Aber auch der Prinz, in diesem Fall schon ein jung gekrönter König, wird von der Autorin wunderbar in seinem verletzlichen Wesen gezeichnet, er ist nicht mehr nur eine Randfigur, wie in so vielen Märchen, der die Prinzessin erretten muss. Er hat tatsächliche Gefühle und Leben in sich. Und zur Abwechslung ist es genau die liebenswert „nervige“ Art der Prinzessin die ihn aus seiner Lethargie reißt und er lernt das das Leben vielleicht doch lebenswert ist.

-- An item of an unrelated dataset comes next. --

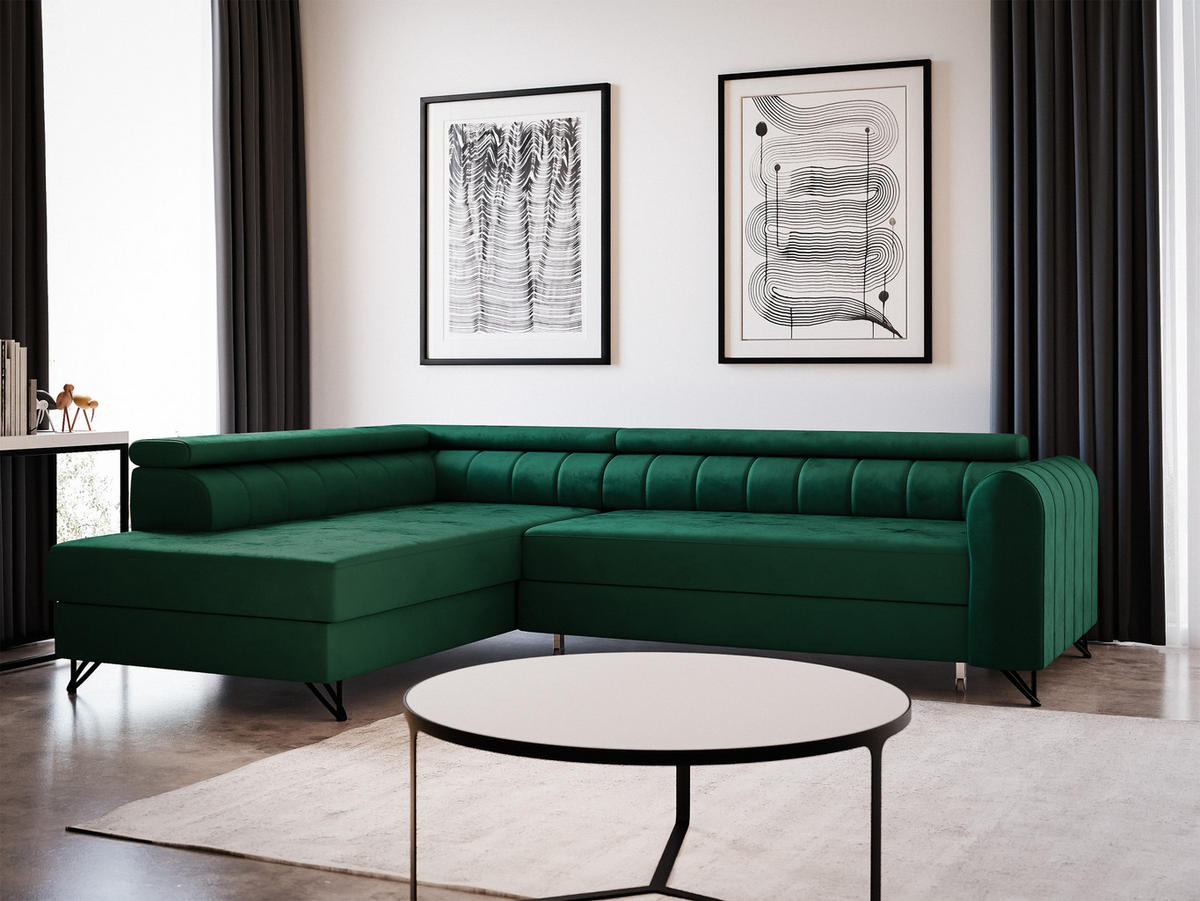 ECKSOFA Alice, Seite: Links - Grün, Holz/Textil (250/179cm) - Sofnet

Beide lernen Vertrauen zu geben, aber auch anzunehmen. Aber bis es soweit ist müssen noch so einige Hindernisse und Geheimnisse gelüftet werden, die sicherlich in gewissen Maßen vorhersehbar waren, aber nichts desto trotz sehr gut und spannend verpackt waren.

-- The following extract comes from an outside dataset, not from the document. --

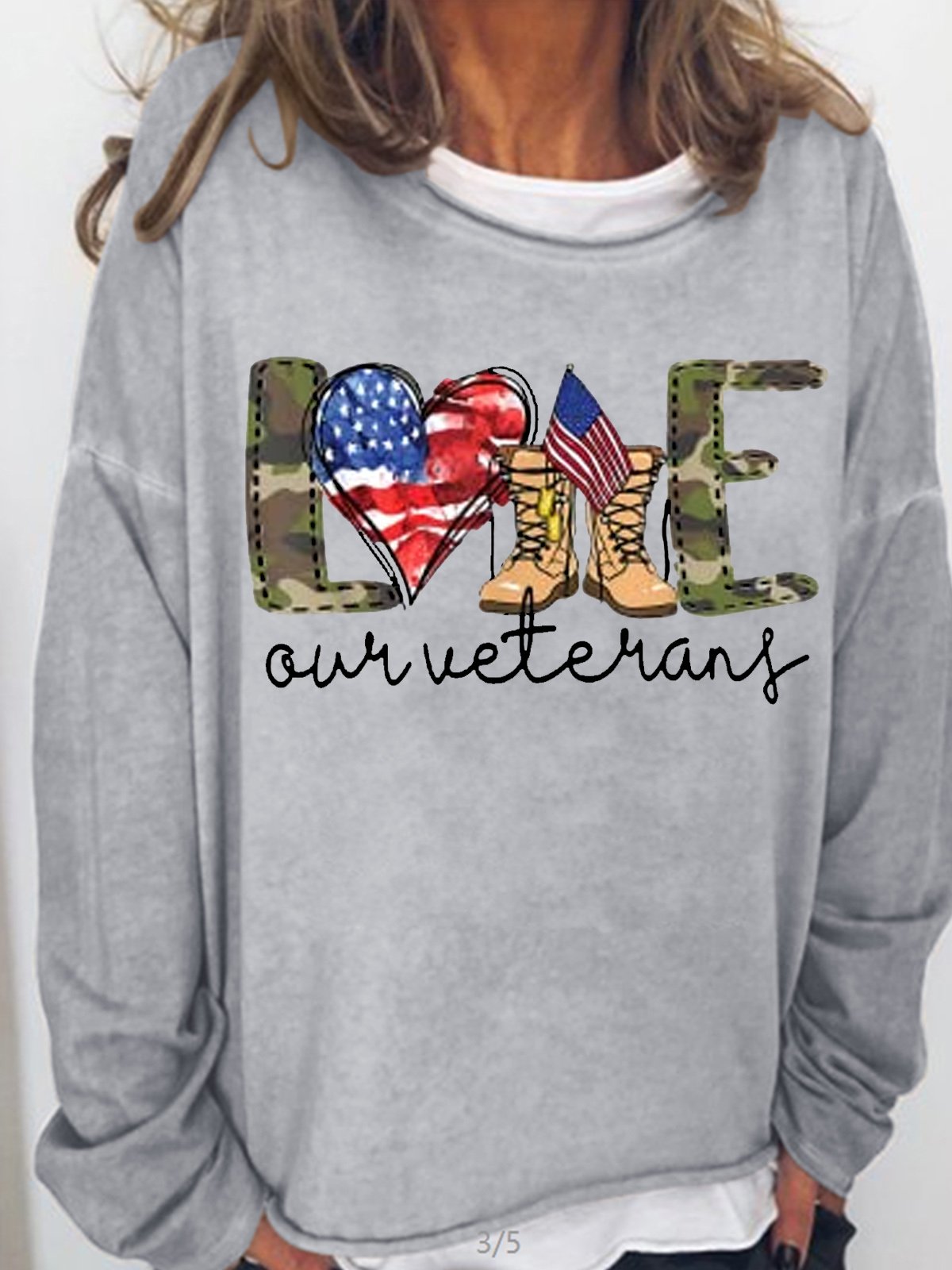 Women's Love Our Veterans US Military Gifts Casual Letters Sweatshirt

Besonders gefallen haben mir, neben dem zarten Anbandeln der Protagonisten und den wunderschönen intimen und vor funkensprühenden Dialogen, die eingebauten geheimnisvollen und dadurch sehr schaurigen Momente, die dem Ganzen eine mystische Note gegeben haben.
Fazit
Kurzum wurde hier eine wunderschöne Geschichte mit zauberhaften und lebensnahen Charakteren erschaffen, welche ich mir auch gut verfilmt vorstellen kann. Einige Parallelen von “König Drosselbart“ wurden hier aufgegriffen und in neuem und frischem Gewand vereint, dazu mit einigen schaurigen Momenten verwoben, wodurch es zu einem reinen Lesevergnügen wurde.